Acceleration of Gravity

In response to a question about the acceleration of gravity:

We dropped marbles from above our heads and did the 8-count to estimate the time of fall to the floor. 

One typical result:  The ball required .5 seconds to fall 2 meters from rest.

From this information we easily reason out the acceleration.  Knowing `ds and `dt we find vAve, then from v0 and vAve we find vf; from v0 and vf we get `dv and from `dv and `dt we get a.  The results are as follows:

Average velocity is 2 m / (.5 sec) = 4 m/s (based on the definition of average velocity)

Initial velocity is zero, and assuming uniform acceleration we conclude that final velocity is 8 m/s (based on the linearity of the v vs. t graph when acceleration is uniform).

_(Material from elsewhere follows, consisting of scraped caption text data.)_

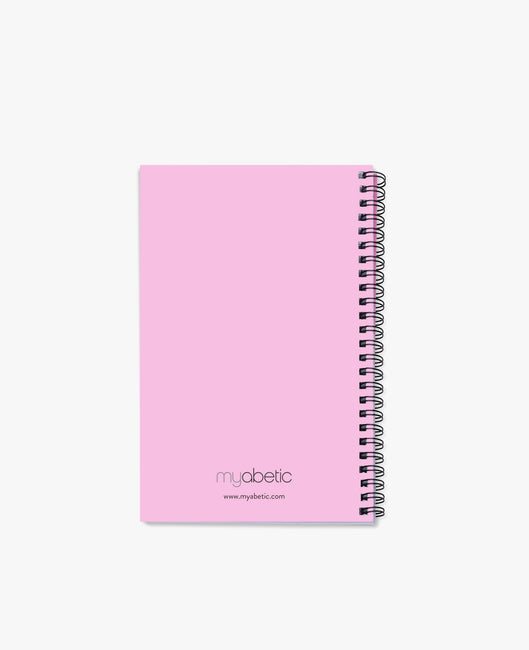 Myabetic Notebook: Unicorn
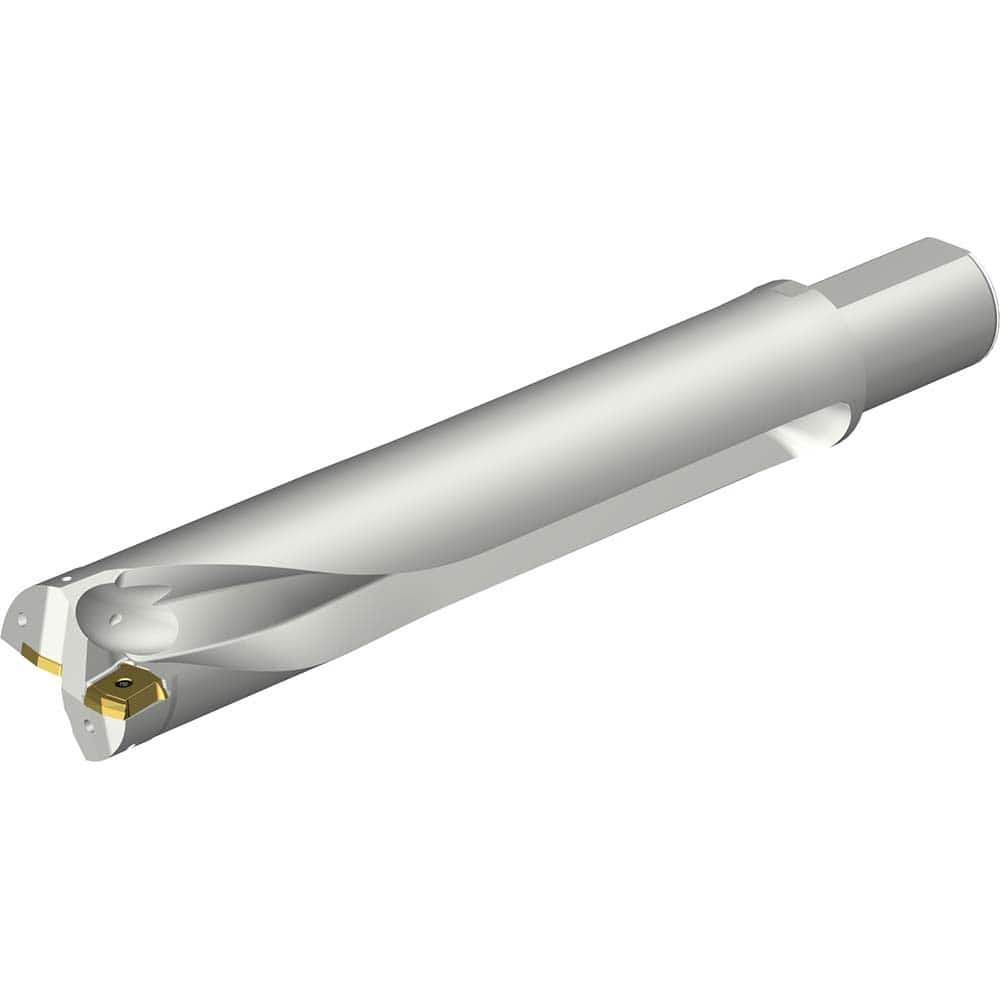 Sandvik Coromant - Indexable Insert Drills; Drill Style: DS20 ; Drill Diameter (mm): 64.00 ; Maximum Drill Depth (mm): 321.59 ; Shank Type: Straight ; Shank Diameter (mm): 50.0000 ; Cutting Direction: Right Hand - Exact Tooling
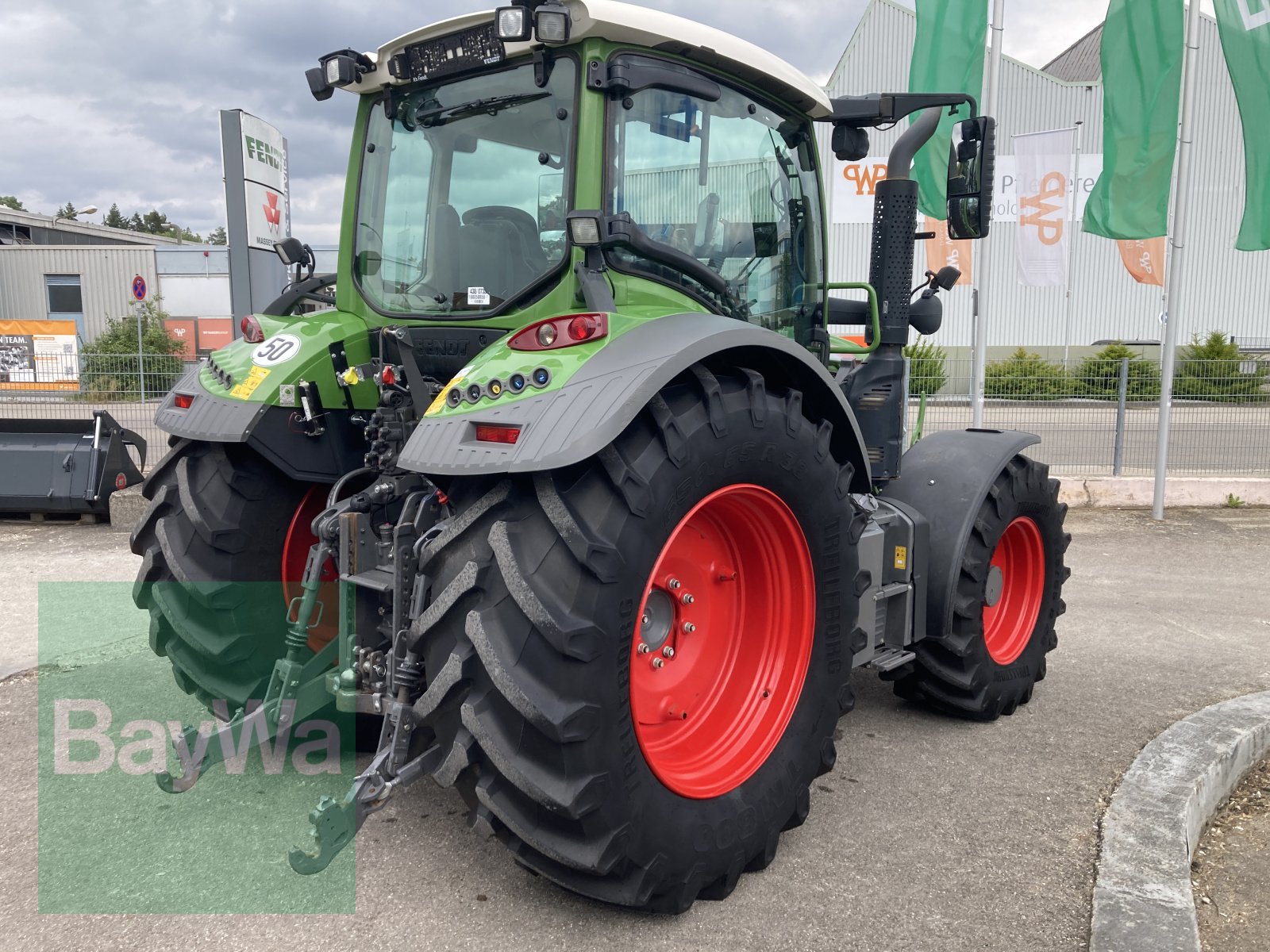 Traktor типа Fendt 516 Vario S4 ProfiPlus RTK, Gebrauchtmaschine в Dinkelsbühl (Фотография 10)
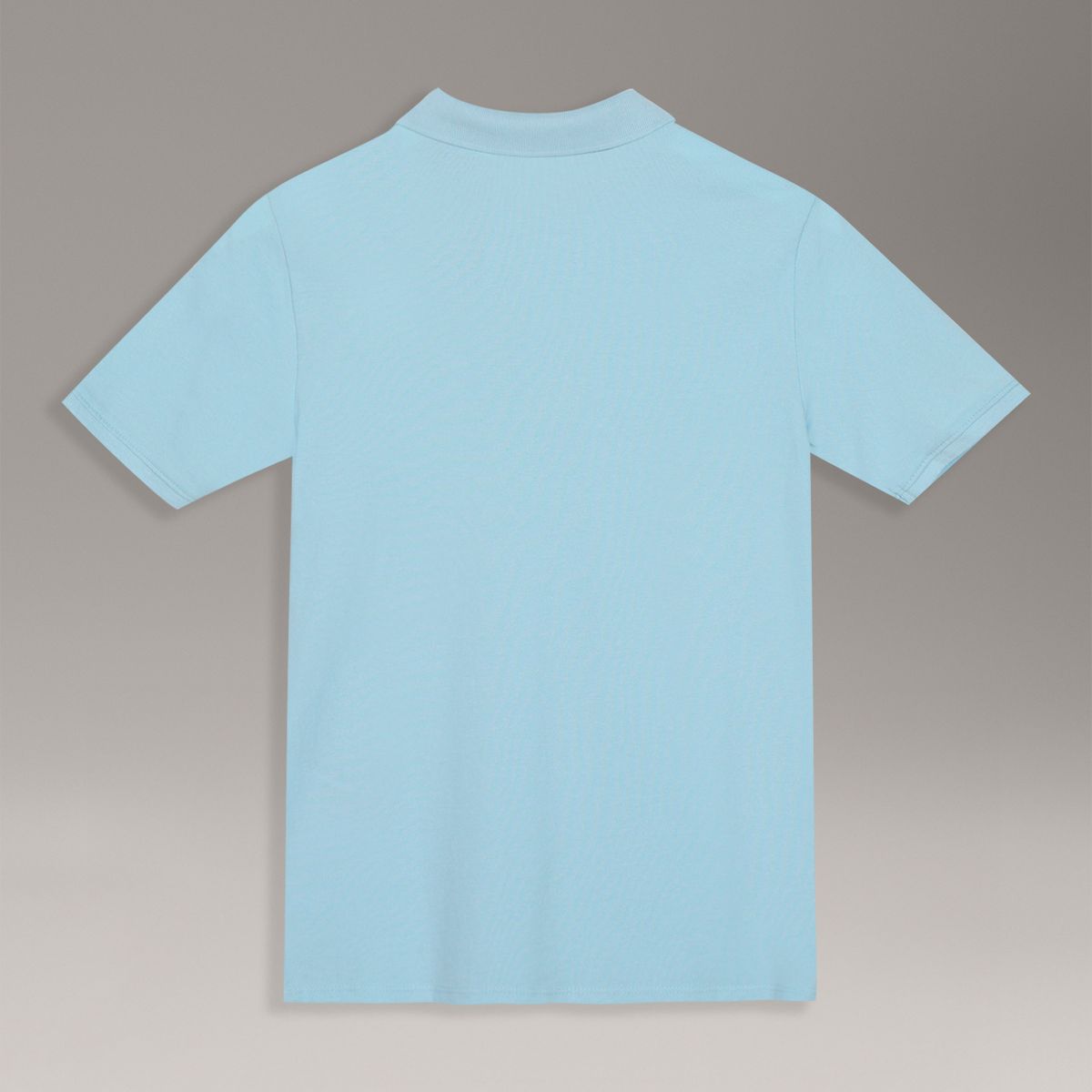 CALVIN KLEIN - Polo Niño CK Solid Celeste Calvin Klein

Change in velocity is (8 m/s - 0 m/s) = 8 m/s, so acceleration is 8 m/s / (.5 s) = 16 m/s^2.

Alternatively we can write down the four equations of uniformly accelerated motion, circle the symbols for the know quantities, and solve the the unknown quantity in any equation containing the three known quantities.

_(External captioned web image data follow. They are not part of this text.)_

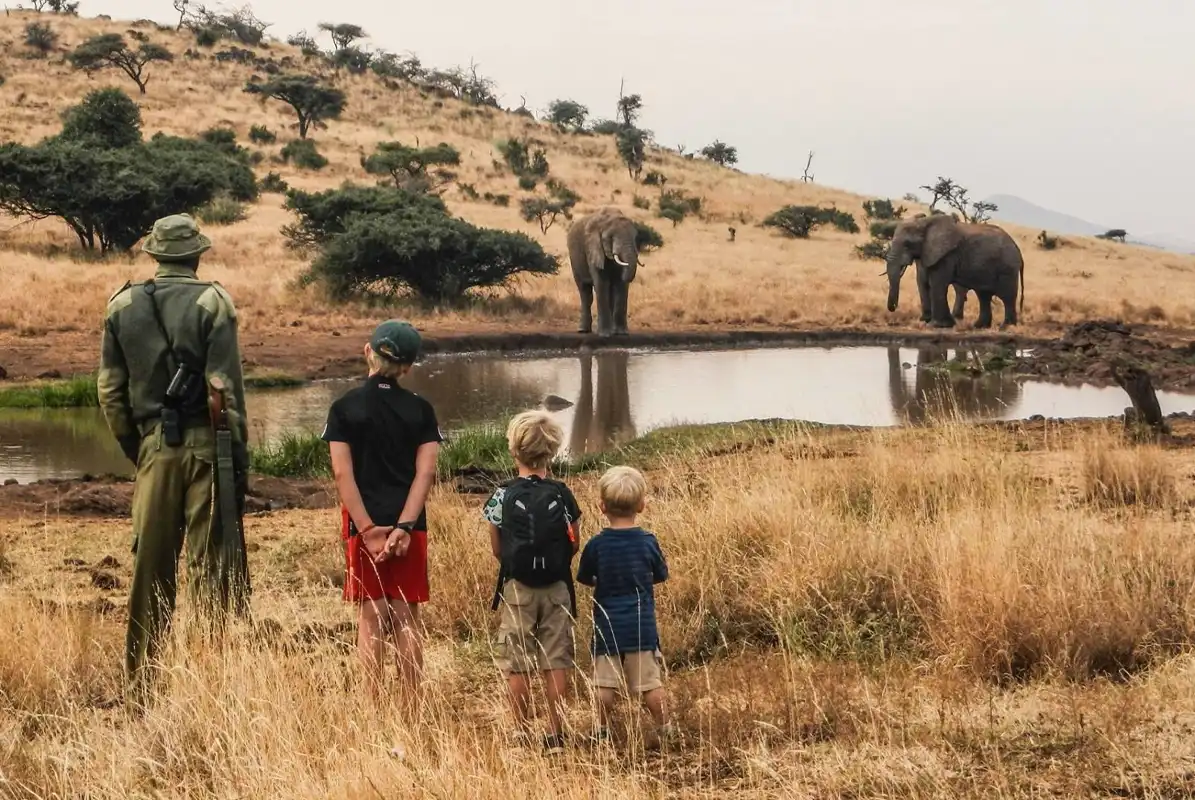 11 Days Family Safari with Cultural Experience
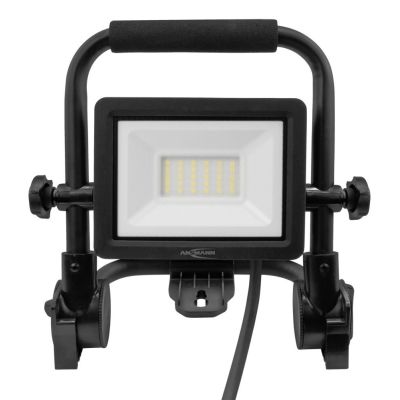 3. Ansmann FL20W-AC Black LED 20W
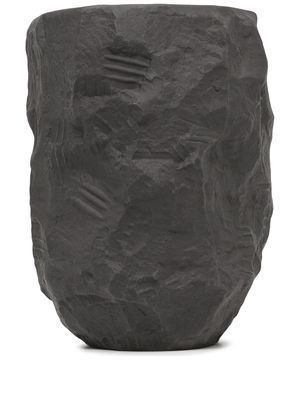 1882 Ltd Tall bone china vase - Black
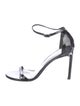 Stuart Weitzman Patent Leather Sandals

The third equation can be solved for a.

Starting with

`ds = v0 `dt + 1/2 a `dt^2, subtract v0 `dt from both sides to get

1/2 a `dt^2 = `ds - v0 `dt, then multiply both sides by 2 to get

a `dt^2 = 2 ( `ds - v0 `dt), and finally divide both sides by `dt^2 to get

a = (2 `ds - v0 `dt) / `dt^2.  Plug in known values:

a = (2 * 2 m - 0 * (.5 sec) ) / (.5 sec)^2 = 4 m / (.5 sec^2) = 16 m/s^2.

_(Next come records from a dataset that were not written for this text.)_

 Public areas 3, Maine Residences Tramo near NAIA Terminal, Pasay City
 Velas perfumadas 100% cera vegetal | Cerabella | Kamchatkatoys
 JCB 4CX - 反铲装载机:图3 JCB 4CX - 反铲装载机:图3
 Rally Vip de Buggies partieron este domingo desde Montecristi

More accurate experiments show that the acceleration of gravity in the vicinity of the surface of the Earth, at sea level, is 9.8 m/s^2.

Near the surface of the Earth, any freely falling object accelerates downward at about 9.8 m/s^2.

For nonprecise calculations we can approximate this as 10 m/s^2.  If necessary we can later compensate for the 2% approximation error.